Without any images, write the data out exactly as it appears.

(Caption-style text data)
####

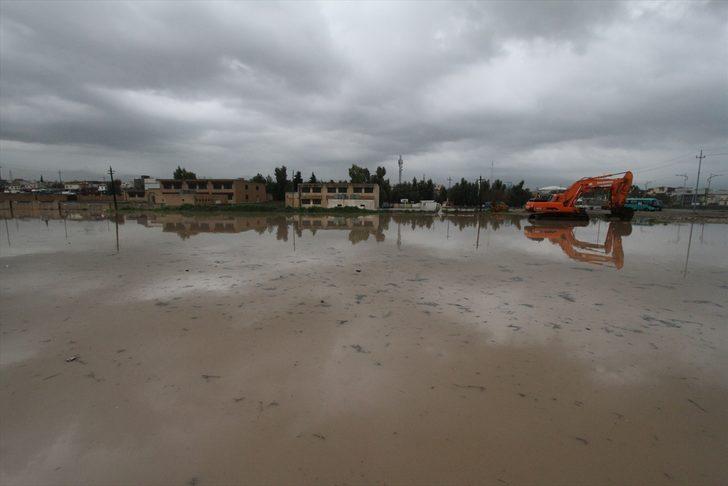 Irak'ta sel hayatı olumsuz etkiledi  G2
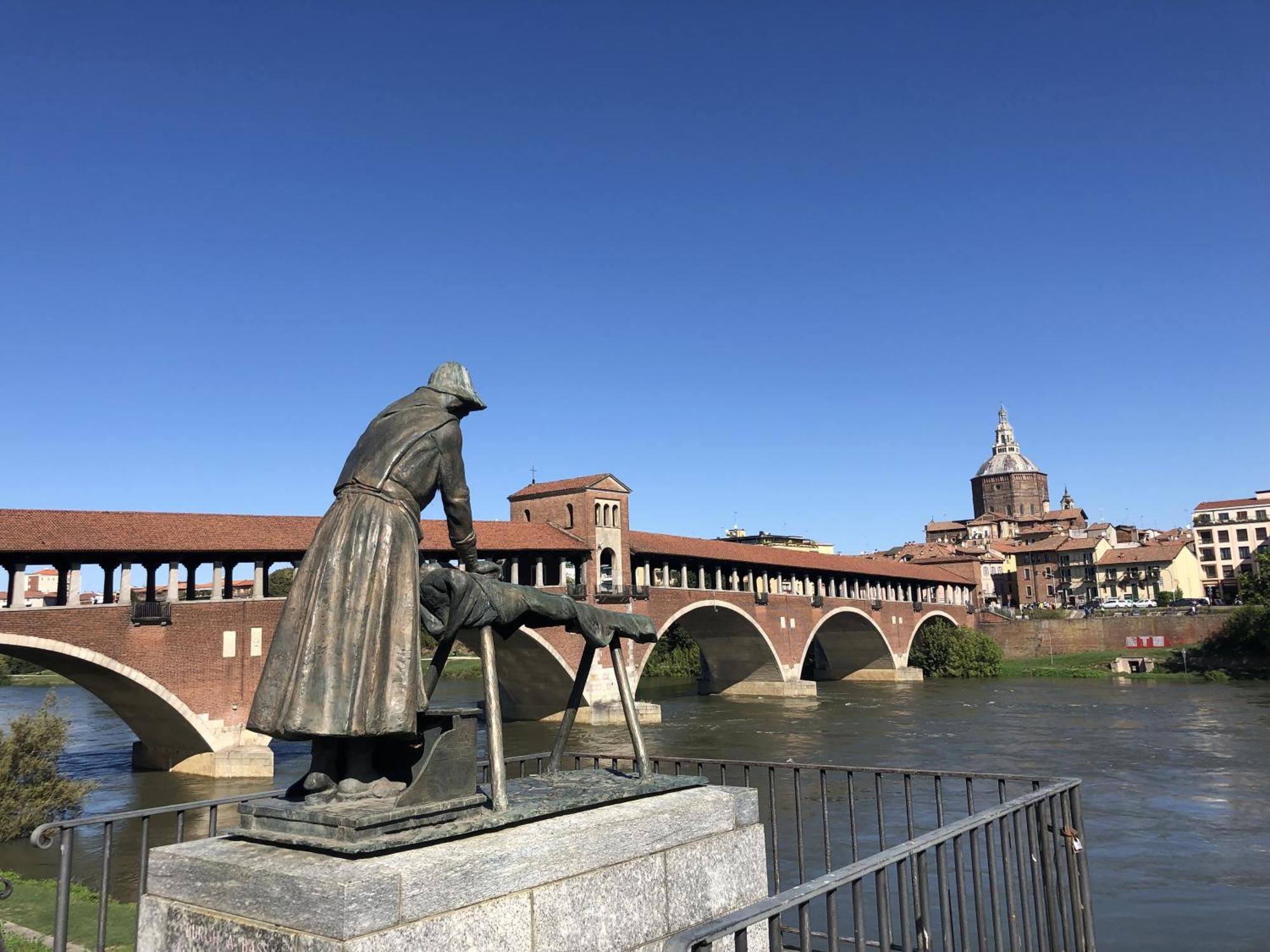 L' Appartamento Del Borgo - Parcheggio Riservato Pavia Esterno foto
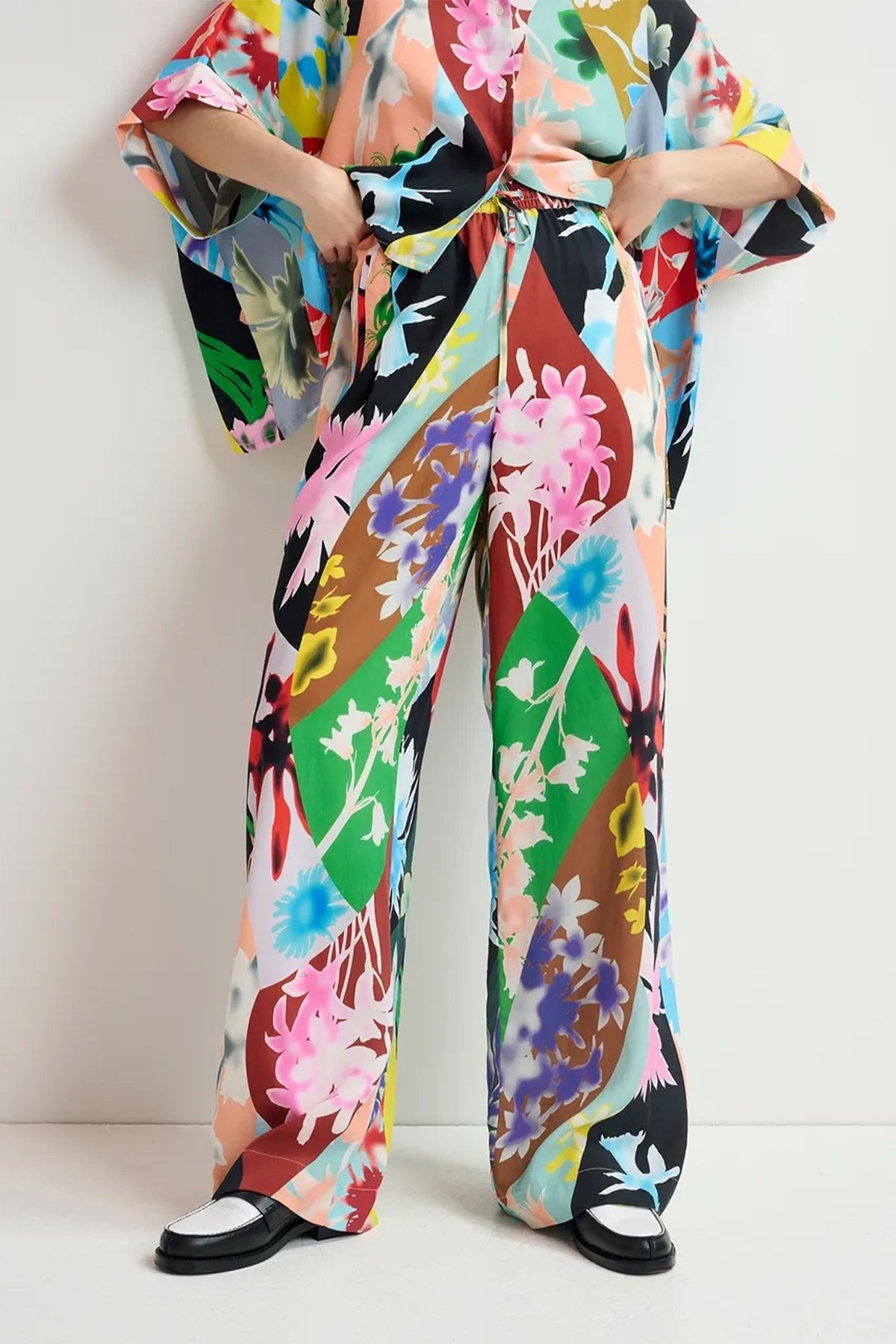 Gift Floral Wide - Leg Pant in Multicolor - shop - olivia.com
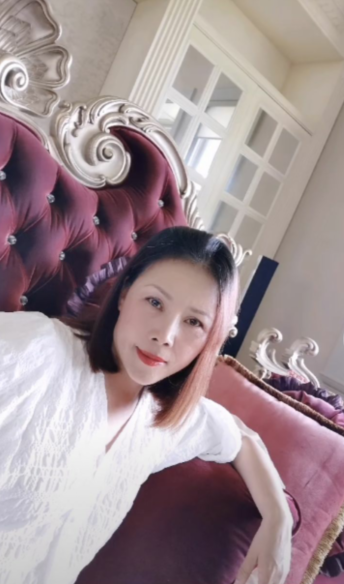 54岁田震在澳洲豪宅过小年，歌坛一姐气质不改，肤白貌美且精气神十足（组图） - 6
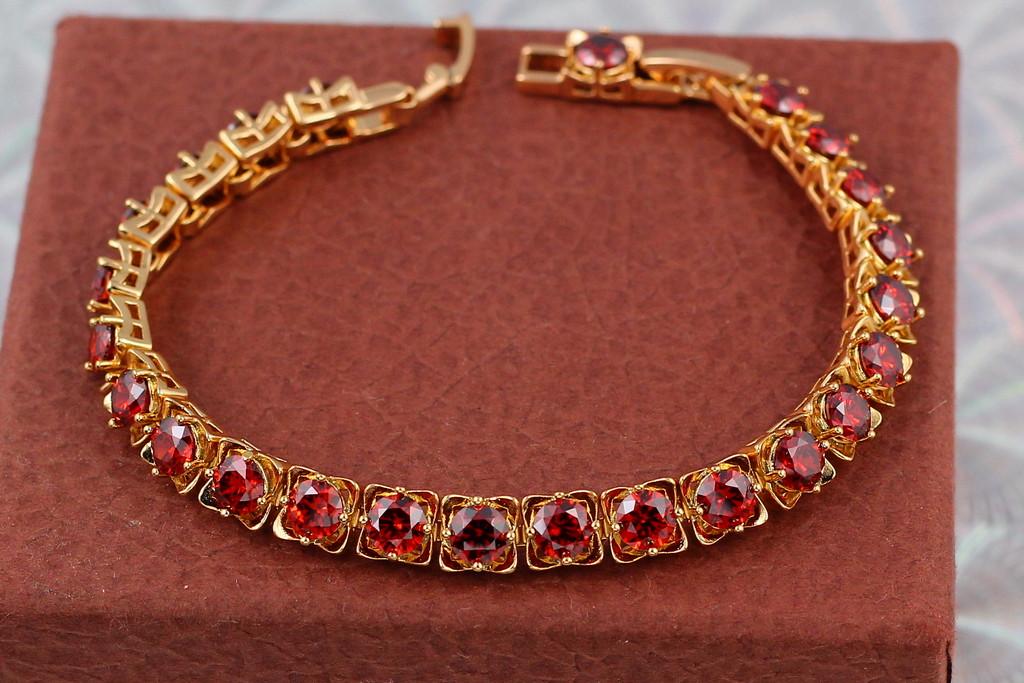 Браслет Xuping Jewelry с красными камнями 19 см 6 мм Золотистый (1674655160)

####

# [FINISHED TASK]
 Irak'ta sel hayatı olumsuz etkiledi  G2
 L' Appartamento Del Borgo - Parcheggio Riservato Pavia Esterno foto
 Gift Floral Wide - Leg Pant in Multicolor - shop - olivia.com
 54岁田震在澳洲豪宅过小年，歌坛一姐气质不改，肤白貌美且精气神十足（组图） - 6
 Браслет Xuping Jewelry с красными камнями 19 см 6 мм Золотистый (1674655160)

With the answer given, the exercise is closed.